Segment Start: Records supplied
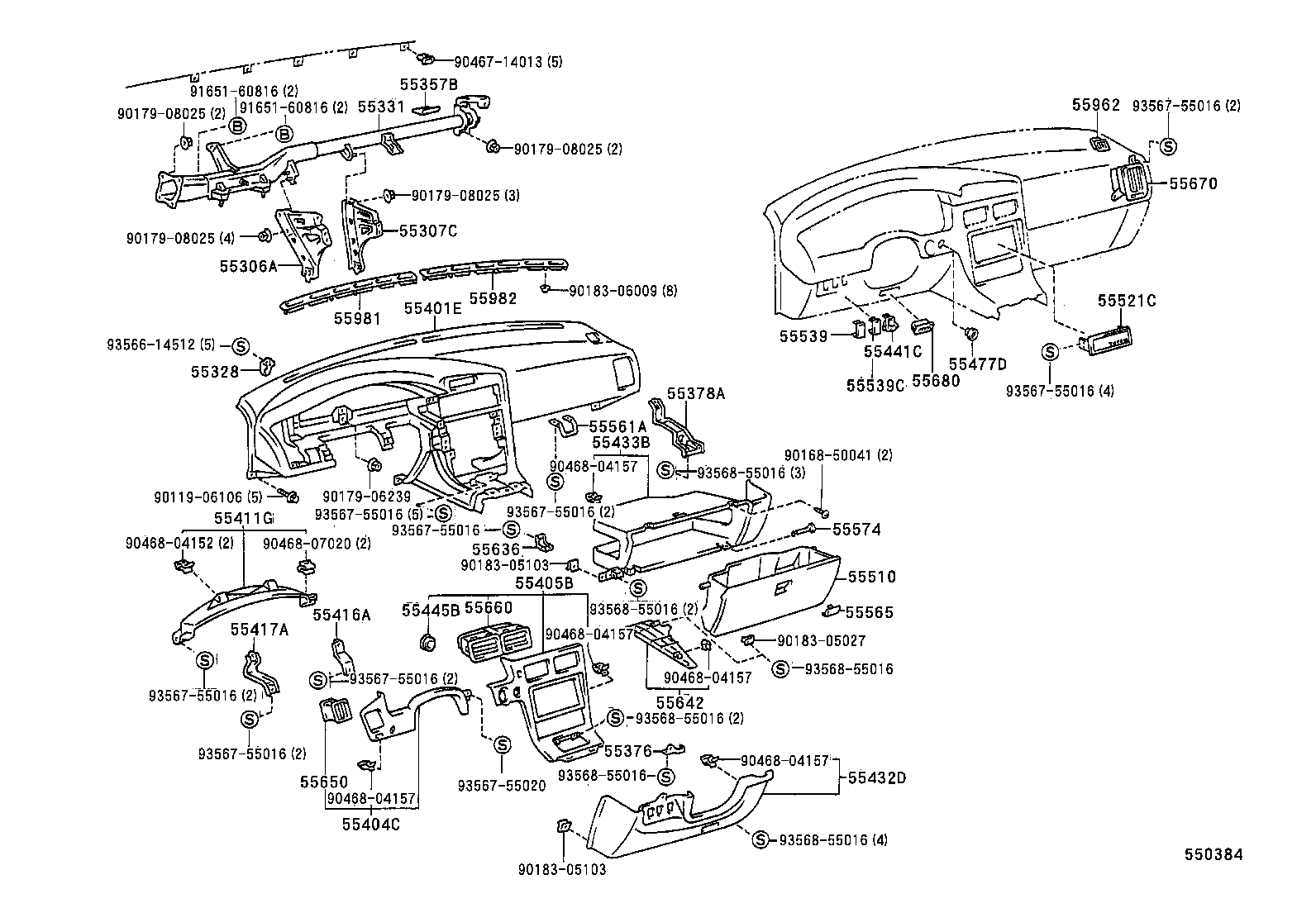 55307-17031 BRACE SUB-ASSY, INSTRUMENT PANEL, NO.2 product image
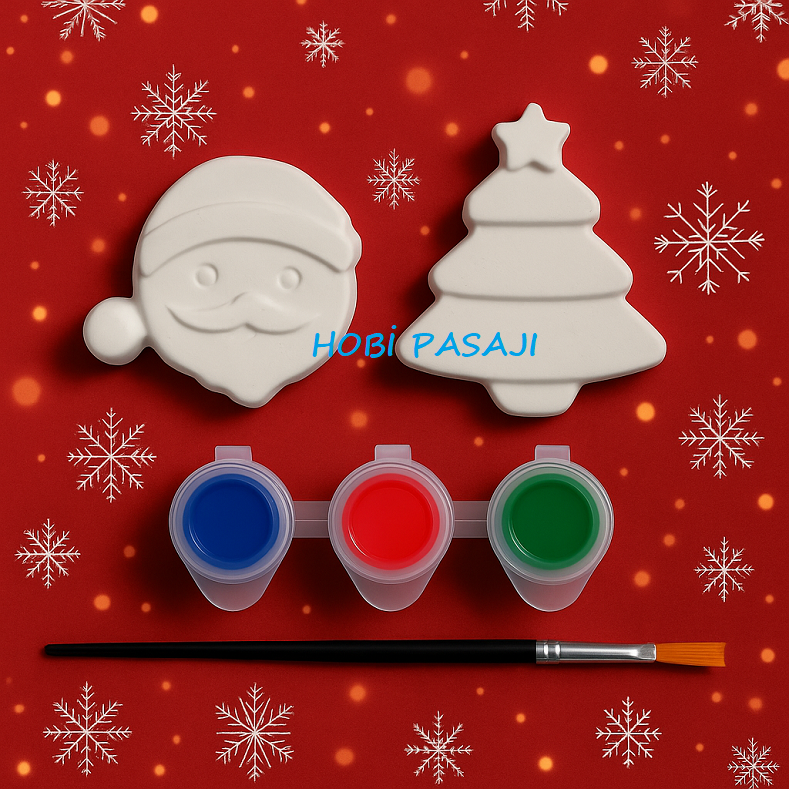 Taş Boyama Seti Yılbaşı 3 Renk Akrilik Boya 5ml + Fırça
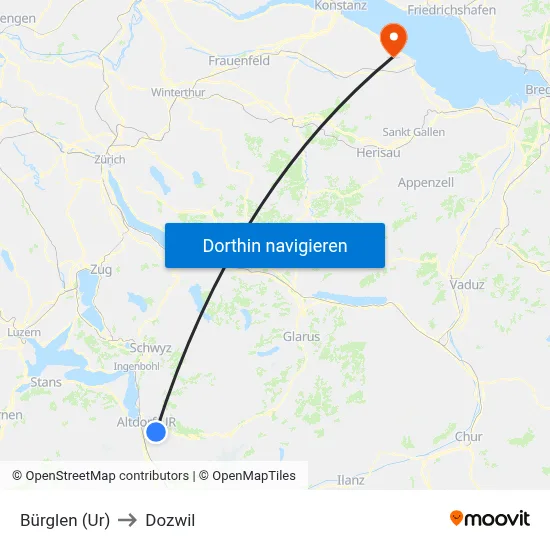 Bürglen (Ur) to Dozwil map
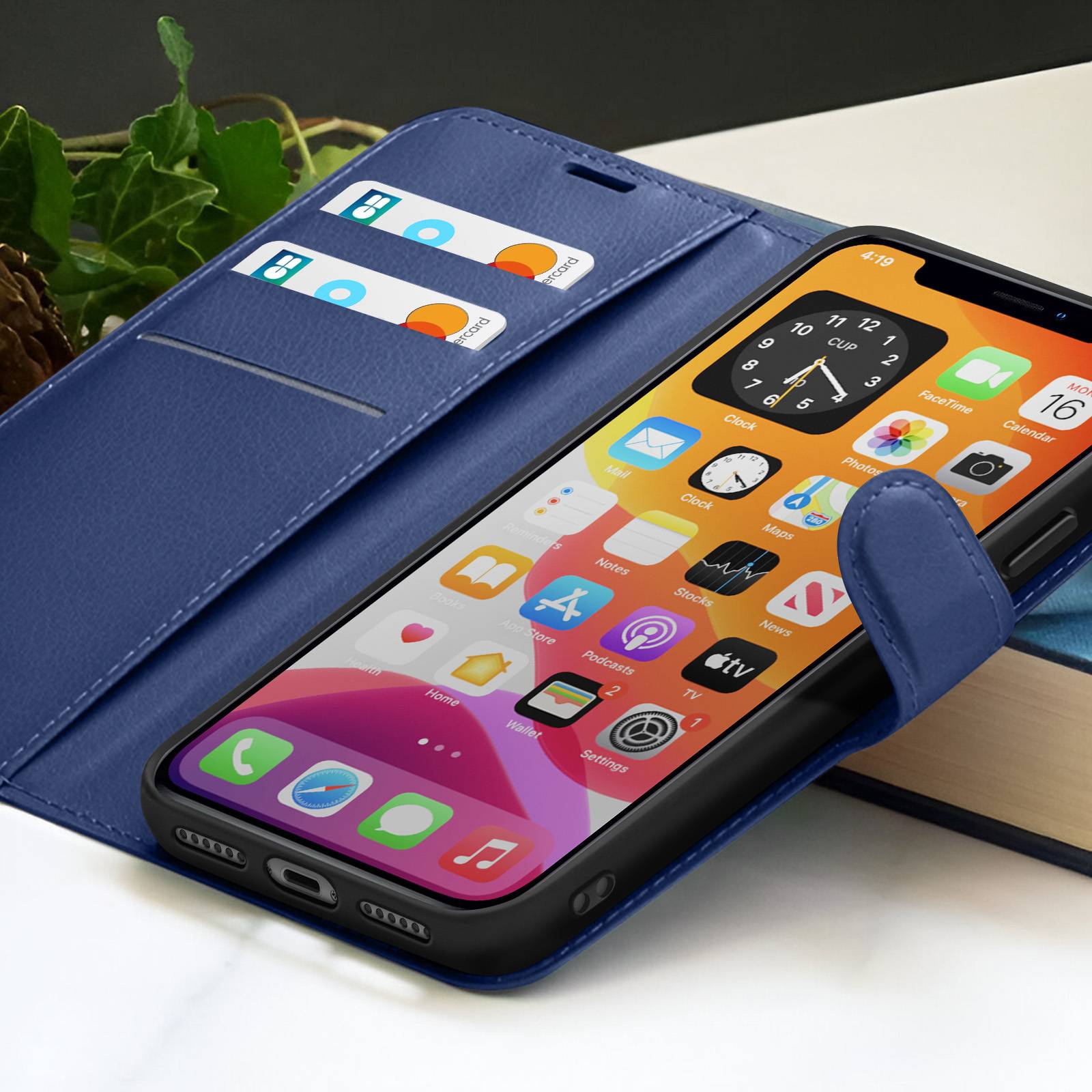 Étui Portefeuille pour iPhone XR avec Fonction Support et Languette Magnétique-3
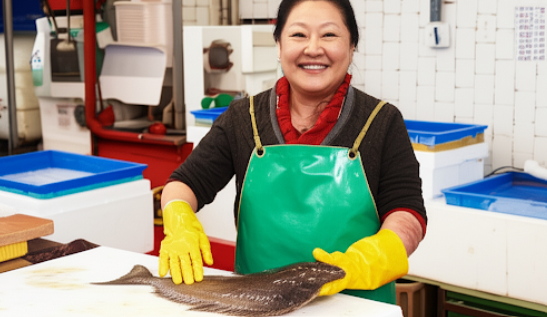 A beaming female fish market owner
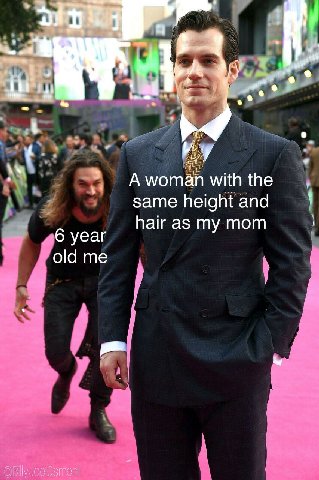 А мот with the same height and hair as my mom 6 old me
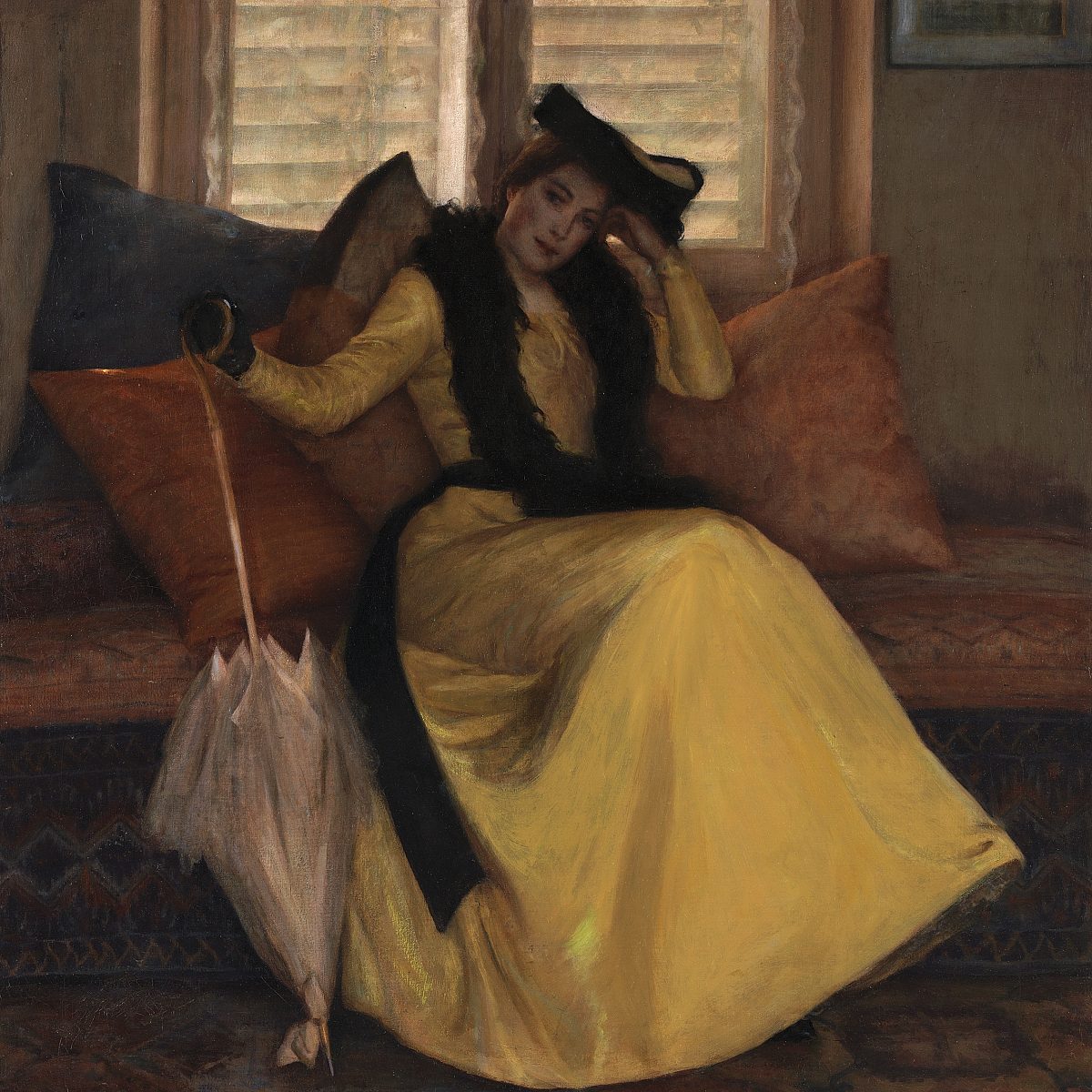 painting of woman in yellow dress holding umbrella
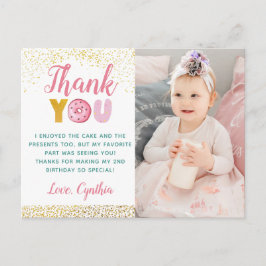 金色グリッターガール ドーナツ 誕生日 フォト サンクス ポストカード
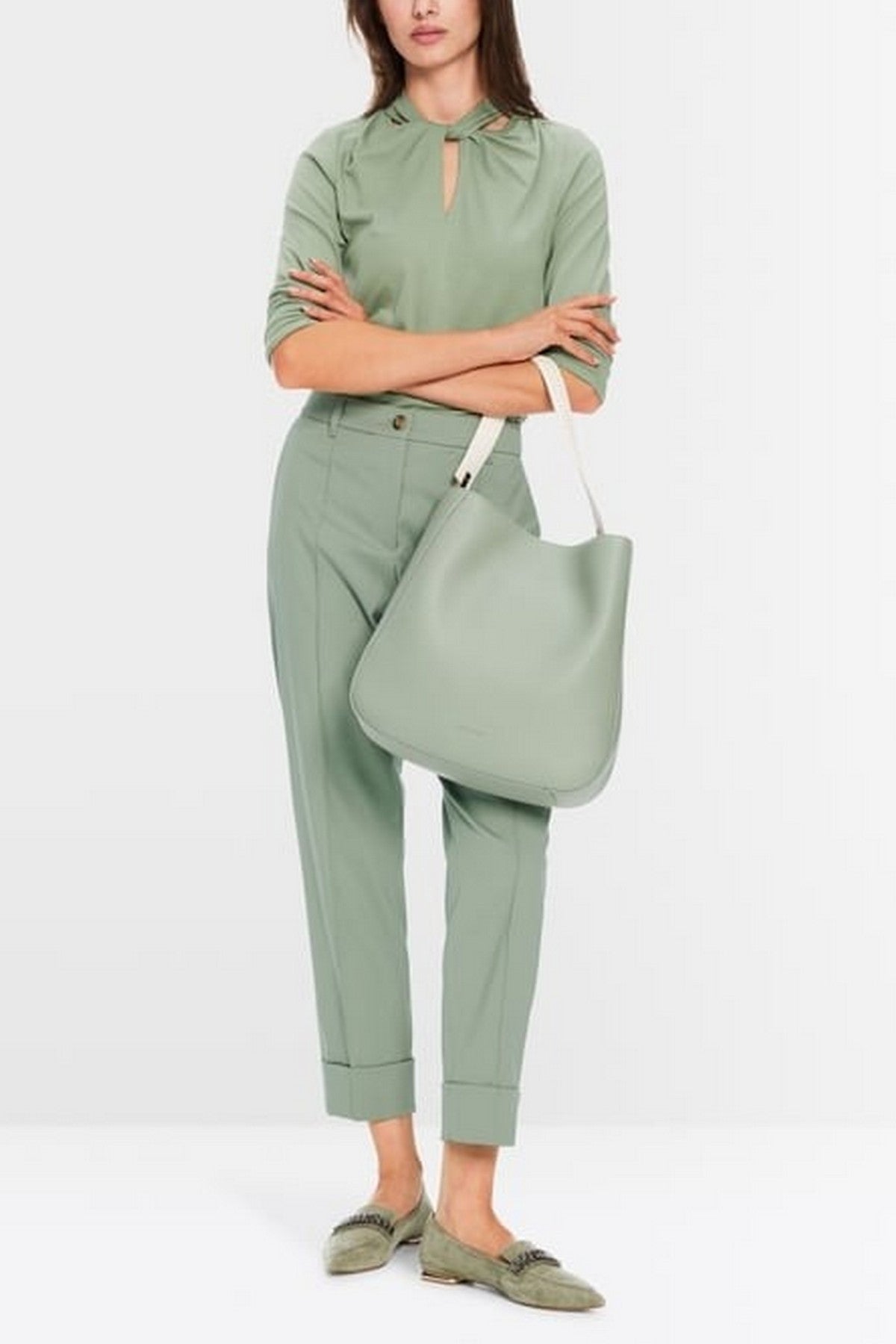 Marc Cain - XC 81.17 W06 | 503 - Broek omslag naad frozen sage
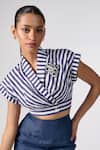 Buy_S&N by Shantnu Nikhil_Blue Cotton Print Stripe V Neck Cropped Top_at_Aza_Fashions
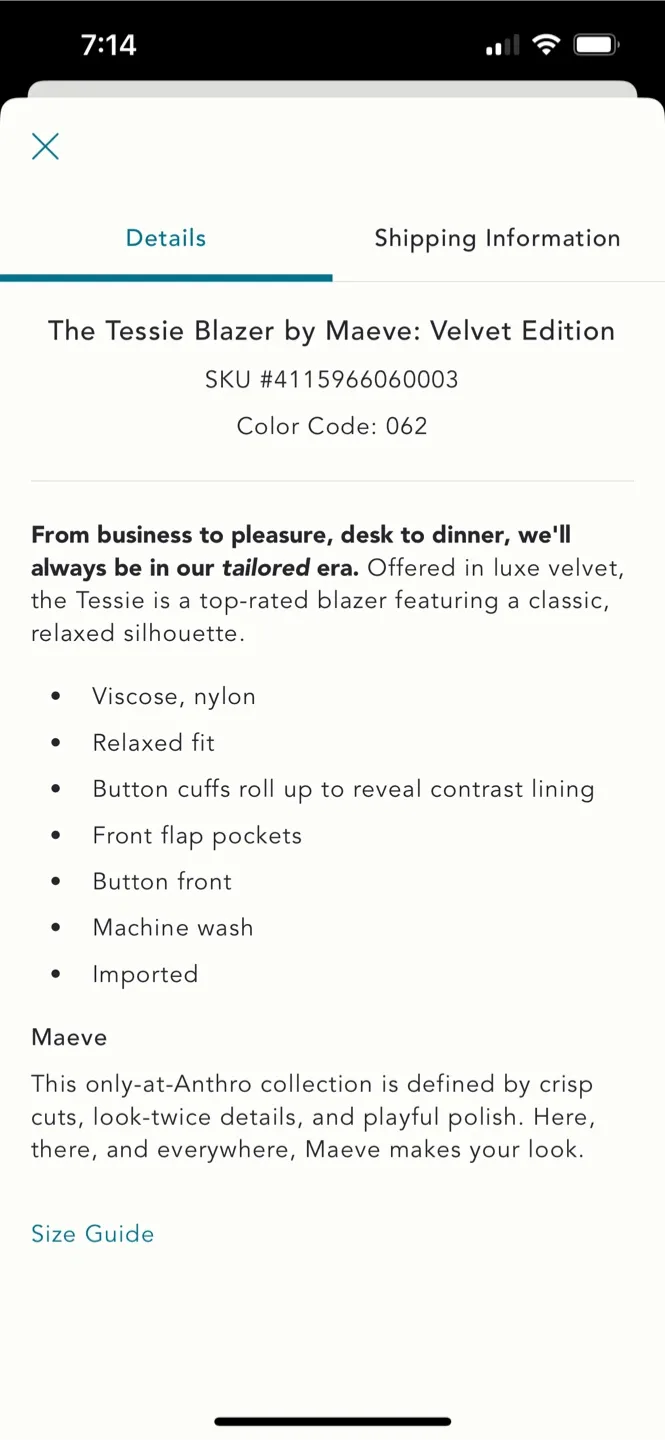 BNWT Anthropologie Maeve Velvet Tessie Blazer M image indicator(5)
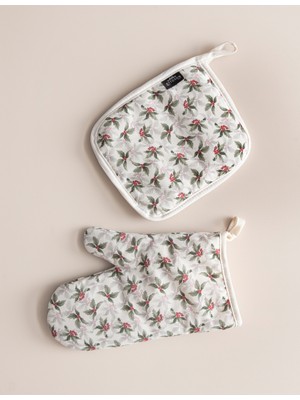 Özbience Yüksek Isıya Dayanıklı Fırın Eldiven ve Tutacak Seti, Güvenli Mutfak Kullanımı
Segment End: Records supplied
_Exercise prompt_: Any picture in the data is to be skipped, while each line is returned exactly as written.

_Task output_:
 55307-17031 BRACE SUB-ASSY, INSTRUMENT PANEL, NO.2 product image
 Taş Boyama Seti Yılbaşı 3 Renk Akrilik Boya 5ml + Fırça
 Bürglen (Ur) to Dozwil map
 Étui Portefeuille pour iPhone XR avec Fonction Support et Languette Magnétique-3
 A beaming female fish market owner
 А мот with the same height and hair as my mom 6 old me
 painting of woman in yellow dress holding umbrella
 金色グリッターガール ドーナツ 誕生日 フォト サンクス ポストカード
 Marc Cain - XC 81.17 W06 | 503 - Broek omslag naad frozen sage
 Buy_S&N by Shantnu Nikhil_Blue Cotton Print Stripe V Neck Cropped Top_at_Aza_Fashions
 BNWT Anthropologie Maeve Velvet Tessie Blazer M image indicator(5)
 Özbience Yüksek Isıya Dayanıklı Fırın Eldiven ve Tutacak Seti, Güvenli Mutfak Kullanımı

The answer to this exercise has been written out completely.